Increase in labour exploitation and trafficking

Aid groups have criticised the decision to close the camps and said it could affect humanitarian assistance to victims, as aid workers are likely to be targeted by militants when working in those areas. They note that attacks by insurgents on civilians have risen in recent months in parts of Borno State, especially in those areas where many displaced persons in Maiduguri originally came from.

"If we cannot offer assistance to IDPs in Maiduguri, then it may be time to reconsider our operations in Borno State,” Caprecon Foundation director Dollin Holt tells Equal Times. The foundation provides psycho-social support to human trafficking victims. “Going beyond Maiduguri could be walking into the hands of insurgents.”

What is also worrying to humanitarian workers is the fact that the decision to close the camps in Maiduguri is making more displaced persons fall into the hands of human traffickers, who have long targeted people uprooted by the Boko Haram conflict. Since some of the camps were shut down, the number of refugees hired to work on farmlands that provide accommodation has increased dramatically. Many of these labourers, who are made to work over 10 hours for less than US$1 a day, are underaged.

“We are seeing modern-day slavery grow by the day,” says Chiroma from the Borno Community Coalition. “People are desperate for a place to stay and to earn money, no matter how [little], and they’ll accept anything just to feed themselves and put a roof over their heads.”

Cross-border trafficking has also increased. Since the camps closed, a number of displaced persons have been offered jobs in neighbouring Niger by strangers who sometimes demand a part of any future earnings. In 2020 already, the United Nations warned in a report that displaced persons who left Nigeria to work in Niger often became victims of labour exploitation and labour trafficking.

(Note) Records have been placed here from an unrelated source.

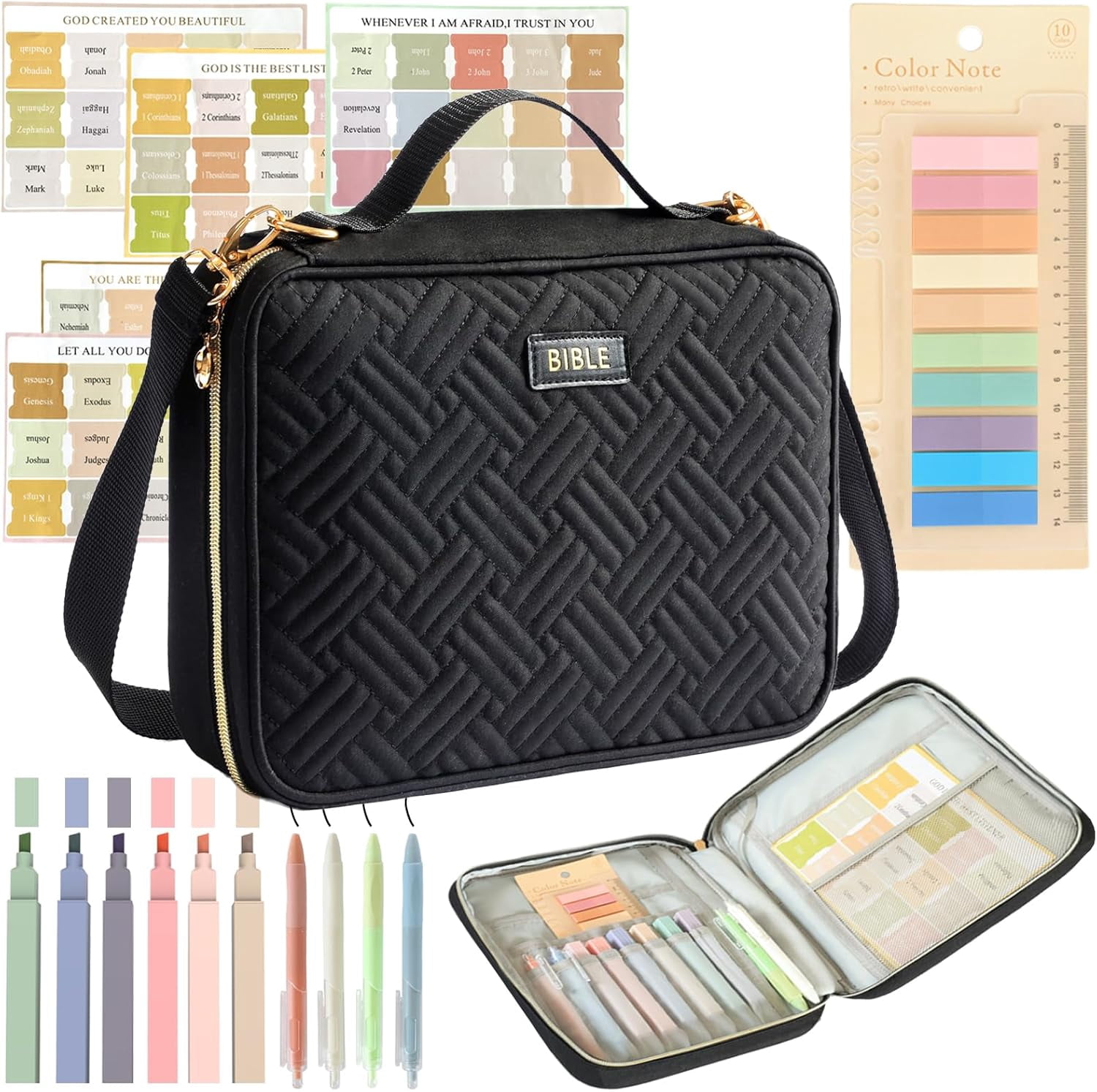 Bible Cover for Women Bible Case, Large Bible Bag, Bible Study Supplies Bible Journaling Kit Book Carrying Case with Bible Highlighters Tabs, Valentines Day Christian Gifts for Women(Black)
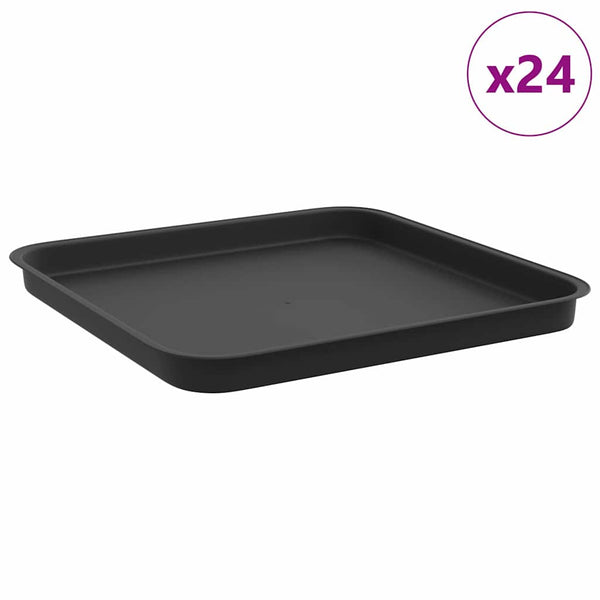 Neliömainen Kukka-alusta 24 kpl Musta 32 x 32 x 2,5 cm Muovi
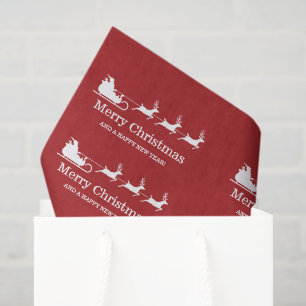 White Santa Sleigh And Merry Christmas Text On Red Tissue Paper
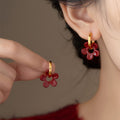 Vintage Hong Kong Style Painted Copper Flower Pendant Drop Earrings For Women view 2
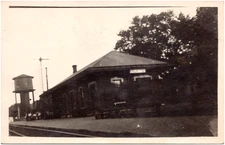 Carlyle Illinois Railroad Depot & Water Tower IL Station 1910s RPPC Postcard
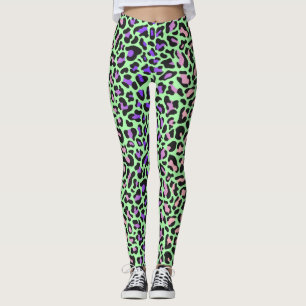 Leopard Print Green Purple Pink Black Leggings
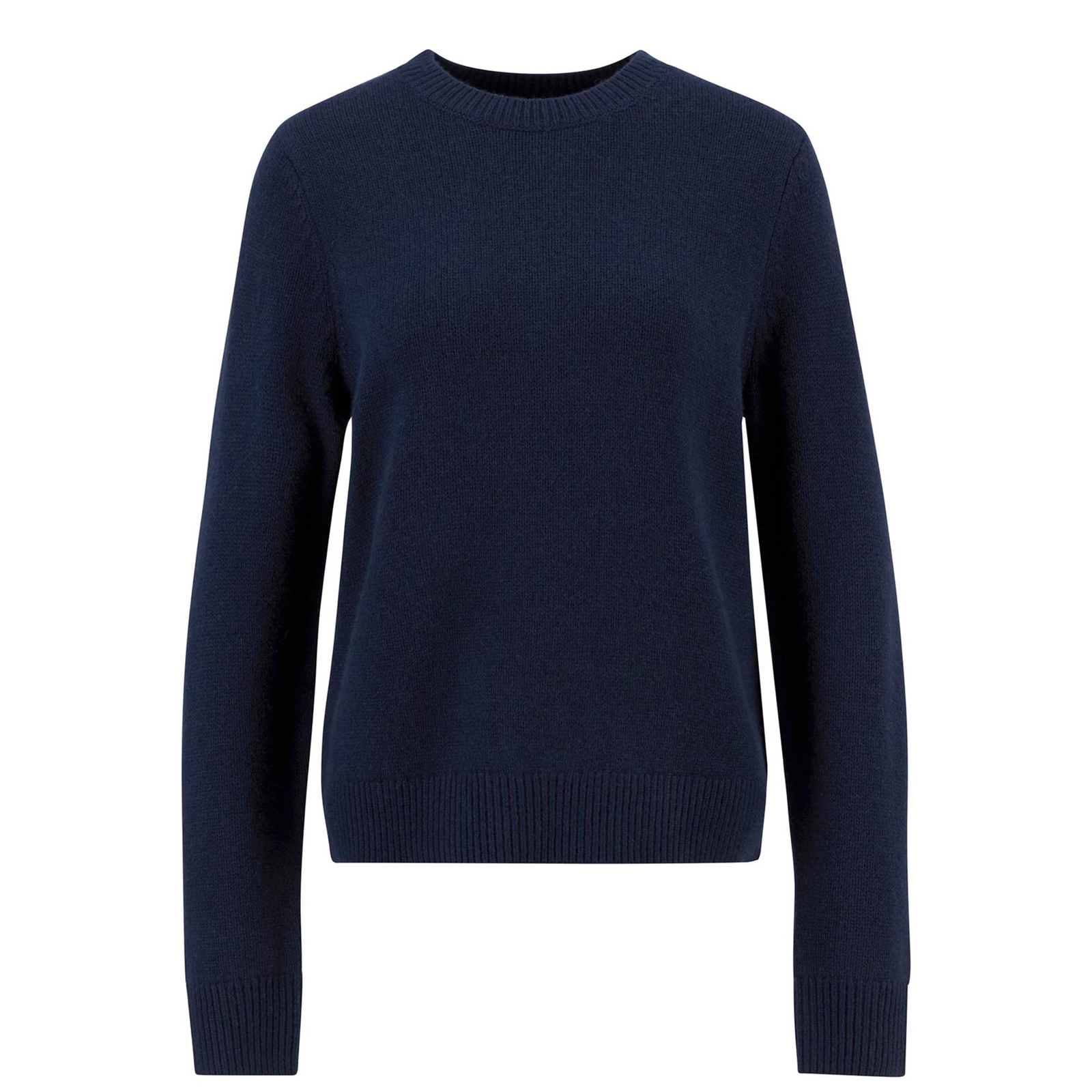 Tässä neulepaidassa on pelkistetty muotoilu ja klassinen pyöreä pääntie.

“Just as they were about to close the camp, one man came and spoke to me about going to Niger to work on a farmland, but I told him I wasn’t interested,” says Aliyu Jibrin, who is in his forties. He used to live in the closed Teacher’s Village camp. “I know about four children – all of them boys – who followed him to Niger.”

Risk of starvation

At the moment, the entire north-eastern region of Nigeria is headed towards famine as a result of extreme weather events and the Boko Haram insurgency, which has chased farmers away from their farmlands. The World Food Programme estimates that 4.4 million people are currently at risk of starvation.

The conflict in Ukraine has also made food prices soar across Nigeria and exposed the country’s chronic dependence on food imports. In Borno, the current price of millet, one of the most consumed cereals in northern Nigeria, isover 70 per cent higher than its average price in the last five years.

The government believes the time to drastically raise food production in the state is now.

"We’re currently in the season for planting of very important crops like millet and groundnut and we need these IDPs to return home and get to the farms,” says Usman Mohammed, an official at Borno State’s agriculture ministry. “If we don’t get people to the farms, hundreds of thousands of people will die of starvation.”

Despite mounting opposition to its decision to shut down the camps, the state government has held steadfast and it is only a matter of time before the remaining six camps located just outside Maiduguri close.

For the residents of these camps, the decision has added a new layer of uncertainty to an already difficult situation. “For many years at the Teacher’s Village camp, I went to bed at night very sure that I’ll wake up in the morning and still find myself in a shelter,” says Khadija Usman. “Right now, I can’t say that I’m sure I’ll have somewhere to sleep tomorrow.”